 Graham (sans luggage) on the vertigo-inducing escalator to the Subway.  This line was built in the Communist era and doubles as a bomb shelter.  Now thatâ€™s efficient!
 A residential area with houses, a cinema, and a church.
* * *
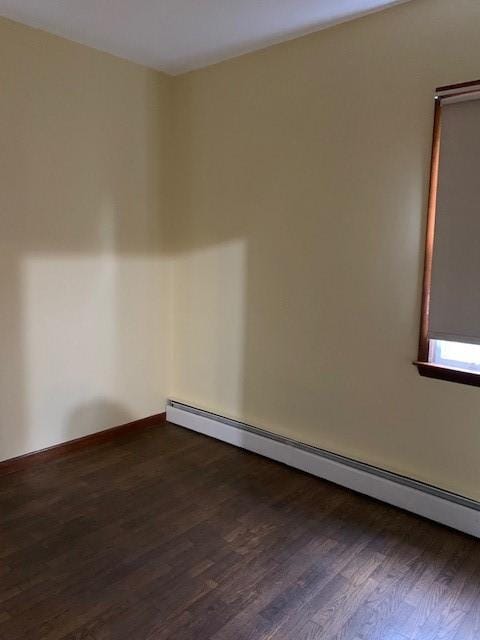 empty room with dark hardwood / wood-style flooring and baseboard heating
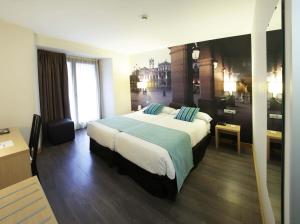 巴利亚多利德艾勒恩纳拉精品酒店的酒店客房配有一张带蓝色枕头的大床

--- The task ---
Within the material above, copy exactly the lines from the line that holds "Graham (sans luggage)" up to and including the line that holds "A residential area".

--- Task result ---
 Graham (sans luggage) on the vertigo-inducing escalator to the Subway.  This line was built in the Communist era and doubles as a bomb shelter.  Now thatâ€™s efficient!
 A residential area with houses, a cinema, and a church.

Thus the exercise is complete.